The Government’s drug-funding agency Pharmac announced it would subsidise Revlimid – also known as lenalidomide – for maintenance treatment for multiple myeloma patients.
It represents New Zealand’s first and only maintenance treatment for those with newly-diagnosed multiple myeloma who have undergone a stem cell transplant.
For Holden, who was told she would be eligible for the drug by her haematologist it represents a brand new chapter in her life.
Without the drug, she’d still be going through a variation of her chemotherapy regime. Access means a better quality of life, suppression of cancer and hopefully a long-lasting remission period.
Dr Ken Romeril, founder of Myeloma New Zealand, said the organisation was pleased with the funding, as it had been pushing for it for some time.
Last year the organisation took to marching on the steps Parliament on behalf of its patient groups, and lenalidomide had been mentioned in a petition taken to the Health Select Committee.
About 120 Kiwis each year would benefit from the funding, Romeril said. There were up to 400 new cases each year. Currently, about 2500 people have been diagnosed with it – and there are higher rates among Māori and Pasifika people.

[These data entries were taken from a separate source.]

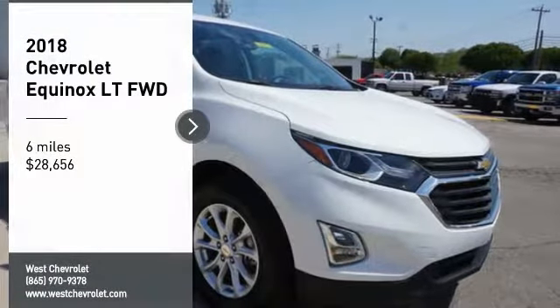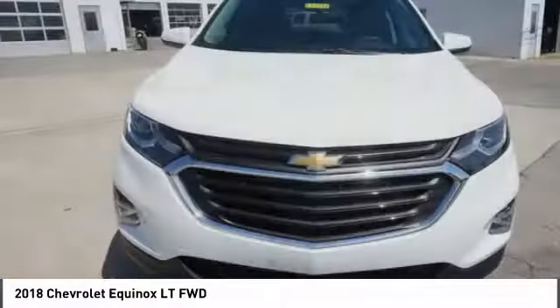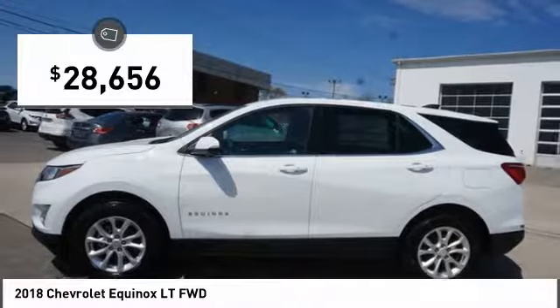Looking for the right vehicle? Check out the 2018 Equinox. Fuel efficiency, safety, and value equals the Chevy Equinox, and it is priced below $30,000.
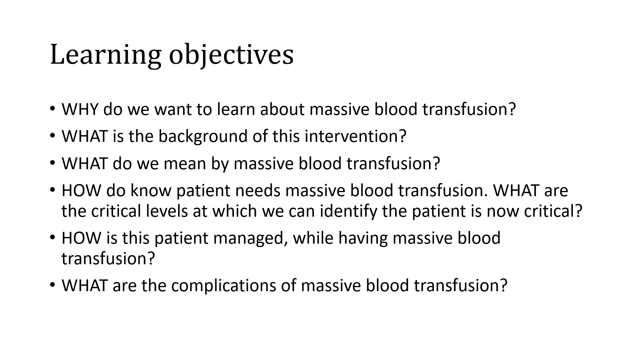The learning objectives for this video include: why do we want to learn about massive blood transfusion; what is the background for this intervention and what do we mean by it; how do we know that a patient needs massive blood transfusion; what are the critical levels at which we can identify the patient is now critical; how is this patient managed while having the blood transfusion; and what are the complications of massive blood transfusion?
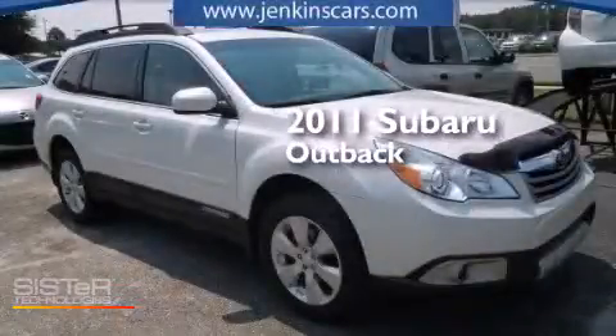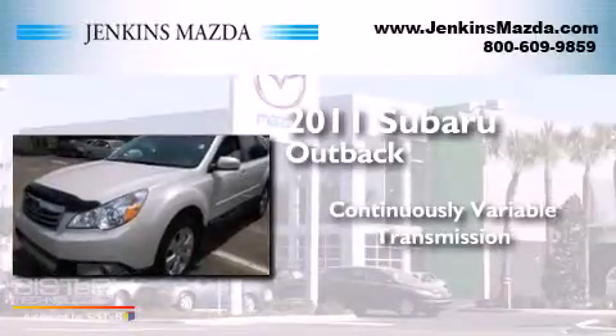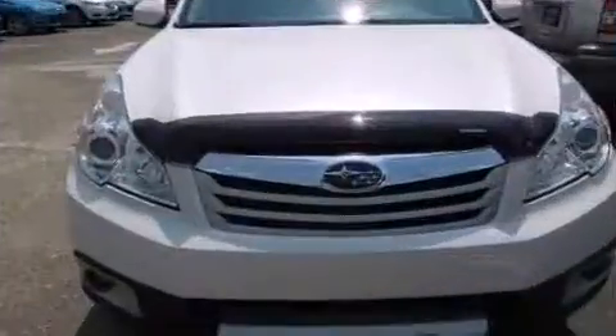This is a 2011 Subaru Outback. This wagon has a continuously variable transmission, a four-cylinder engine, and all-wheel drive.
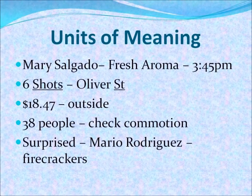Now, I am going to read the utterance that had the details, and I want you to pay attention to the notes that we are going to take for this utterance. Mary Salgado was in the Fresh Aroma Cafe at 3:45 in the afternoon when she heard six shots coming from Oliver Street. She paid her bill, $18.47, and went outside to see what had happened. She saw a crowd of 38 people and went to check out the commotion. She was surprised to see it was just her friend Mario Rodriguez selling firecrackers.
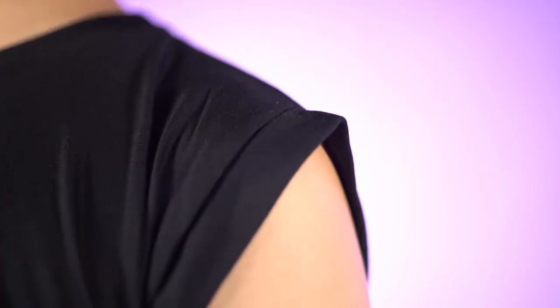It's made from Bella's signature flowy polyester viscose, the same fabric as their popular flowy racerback tank, and is designed to have a relaxed, drapey fit. Truly a one-of-a-kind piece in the Canadian promotional apparel industry.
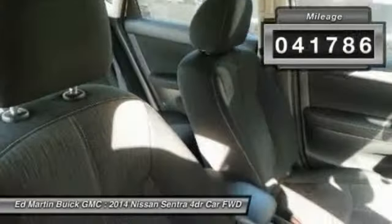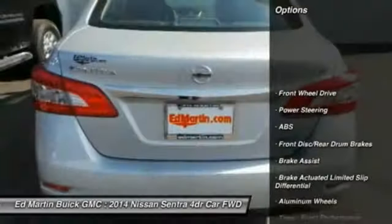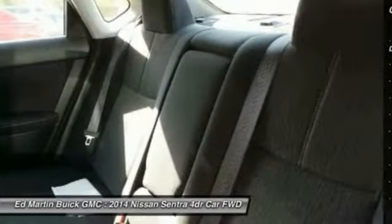This vehicle has less than 45,000 miles. Here are some of this vehicle's great options: traction control, keyless entry, steering wheel audio controls, anti-lock braking system, stability control.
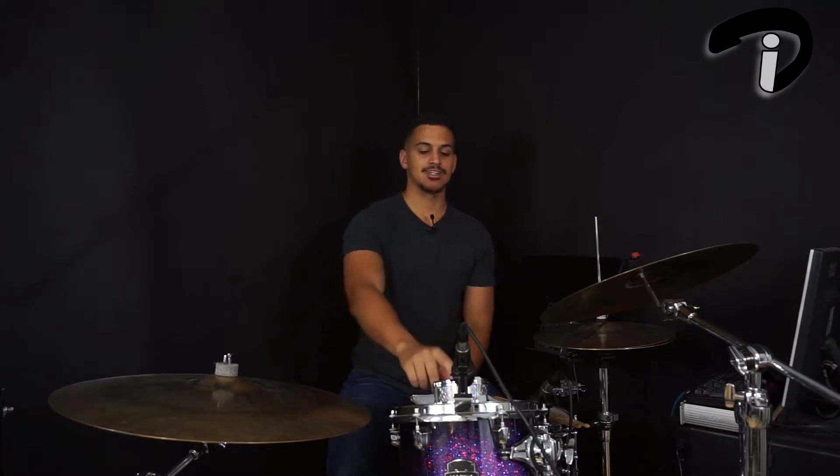What is up everybody, welcome to Footwork Friday. Now that we're in the month of July, the Footwork Friday videos are going to be analyzed in 7. So let's go ahead and draw some notes out and see what our final rhythm is going to be.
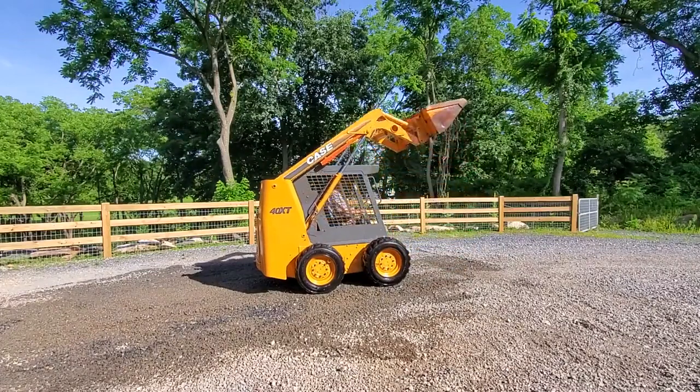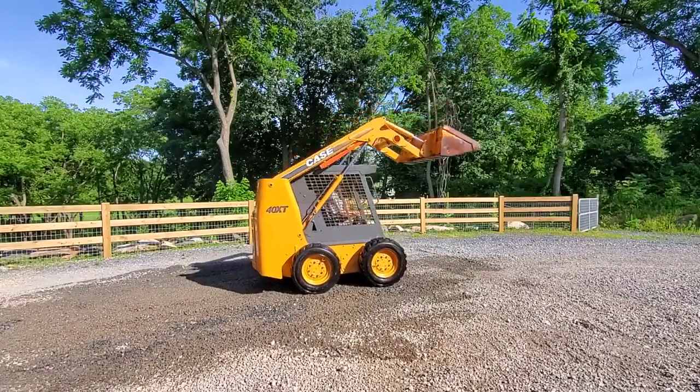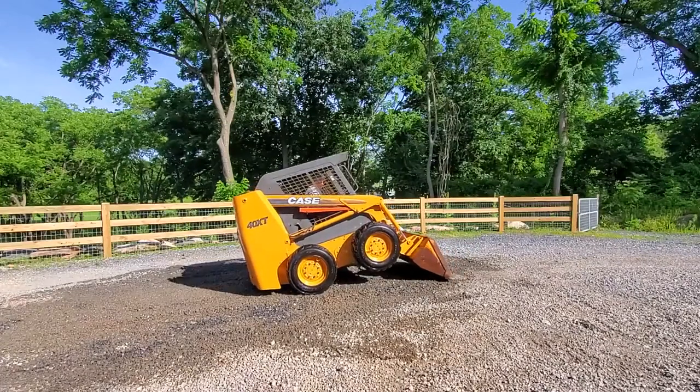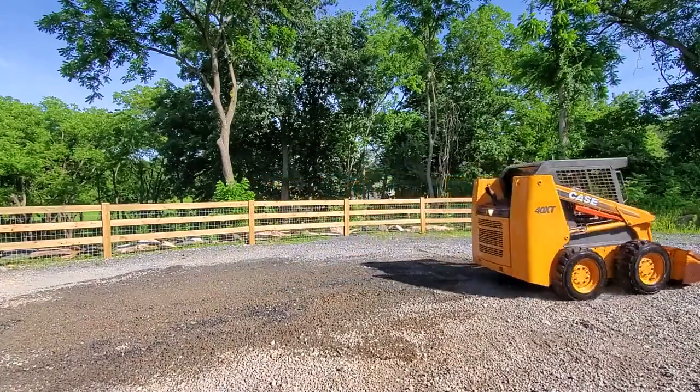It's a very beautiful view of the city of South Africa. I'm going to go out here and get the fire down the road. Let's go!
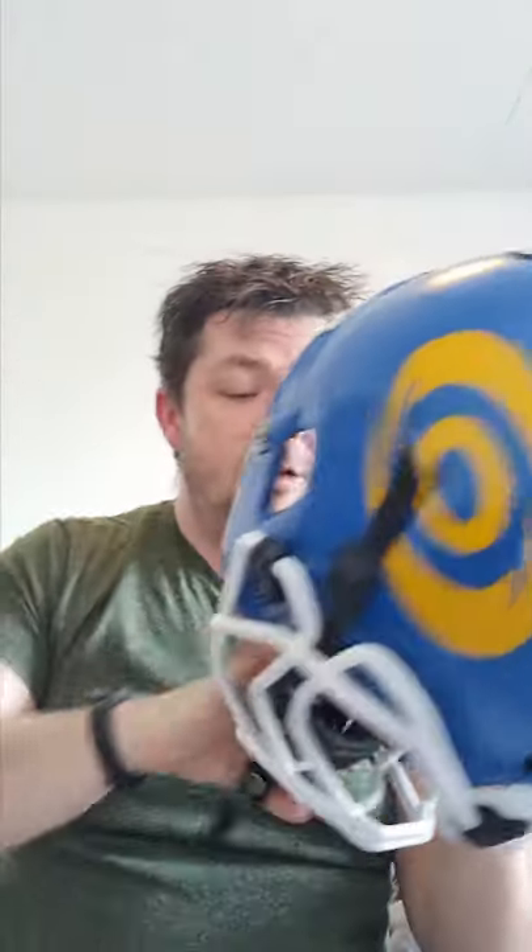A question I get asked a lot is what gear do I use as a middle linebacker in American football? Helmet-wise, I use the Zenith Epic Plus. It's got the Prowl face mask, as you can see — adult large.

Holden was hopeful access to lenalidomide would be widened to not just those who’d undergone a recent stem cell transplant.
“I don’t believe the campaigning has stopped. For me, it’s really exciting … there’s been far and few between [moments of those] for the last 12 months. Since I started getting the pain it’s been pretty horrific,” she said.
“I’m really grateful. It’s crazy to think I’m not going to feel like this anymore. … I’ve always been a glass half-full person. I have an incredible partner of nine years.
“We have so many more adventures. We want to travel, build a house, start a family one day hopefully – having access [to lenalidomide] has improved all that.”
Pharmac director of operations Lisa Williams said it had funded 13 new medicines and widened funding for 32 other medicines since July, 2019.